Assignment.
Here the job is to transcribe the data verbatim while leaving each picture out.

Collected material.
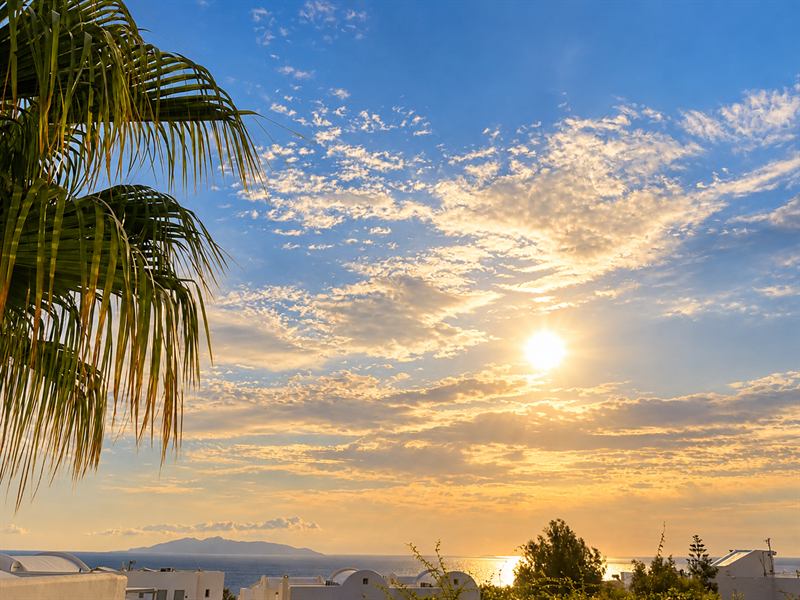 Superior Apartment – Sunrise over the sea, Dragonfly Villas Santorini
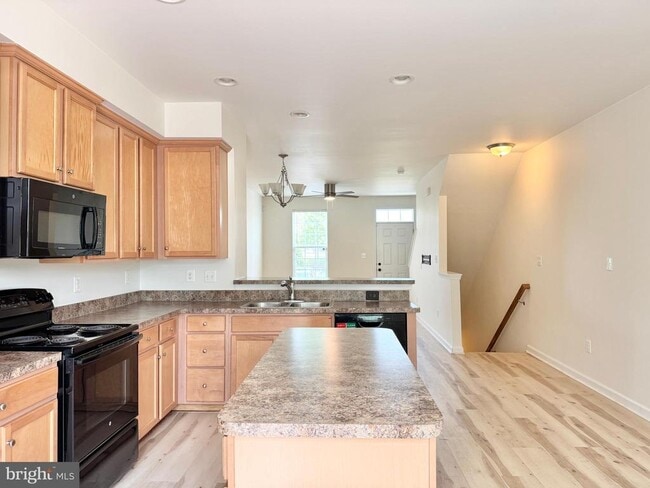 Photo - 127 Streamview Dr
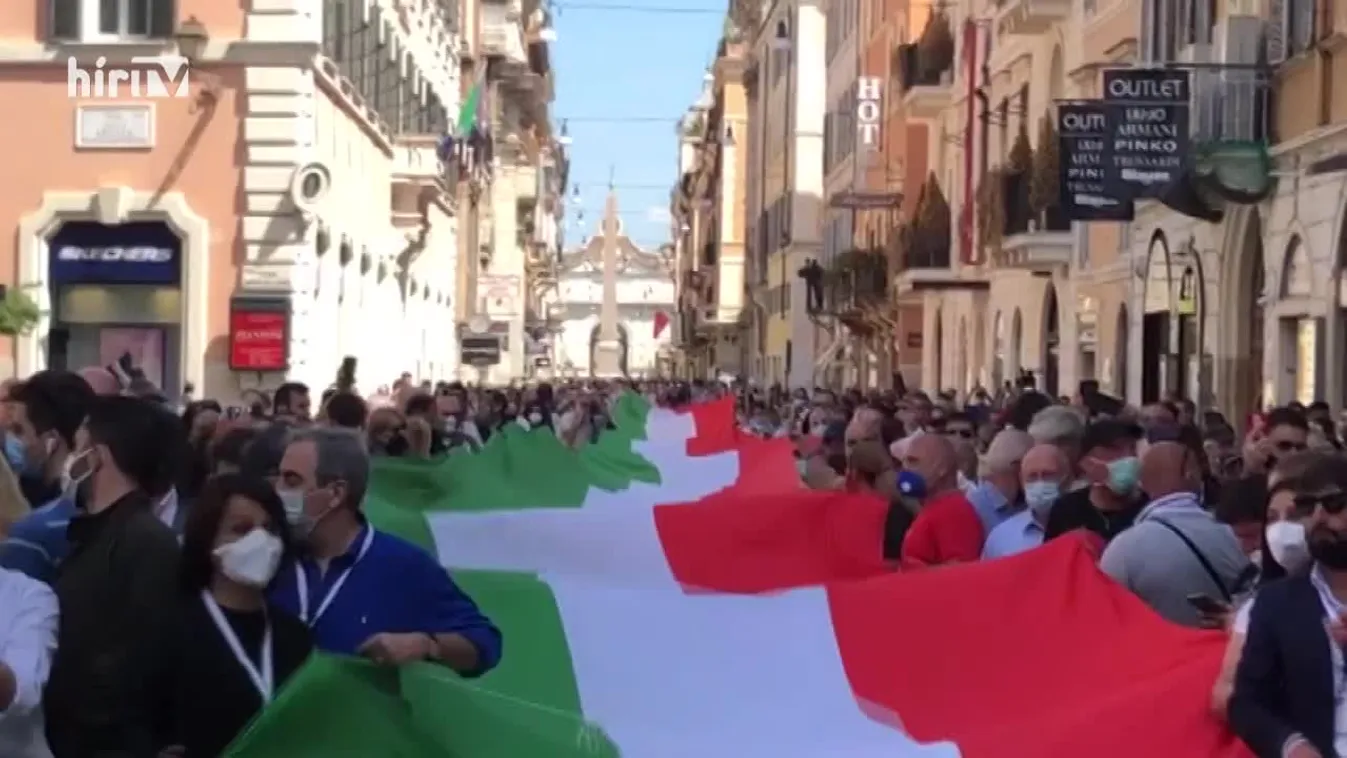 Hírvilág: Fokozatosan oldják fel a határzárakat az Európai Unióban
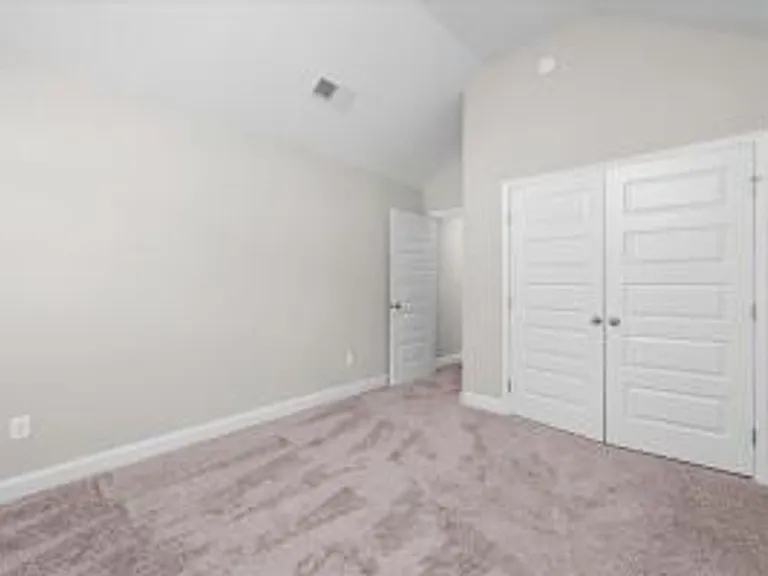 1005 Linsmore Ave — Photo 24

Task solution.
 Superior Apartment – Sunrise over the sea, Dragonfly Villas Santorini
 Photo - 127 Streamview Dr
 Hírvilág: Fokozatosan oldják fel a határzárakat az Európai Unióban
 1005 Linsmore Ave — Photo 24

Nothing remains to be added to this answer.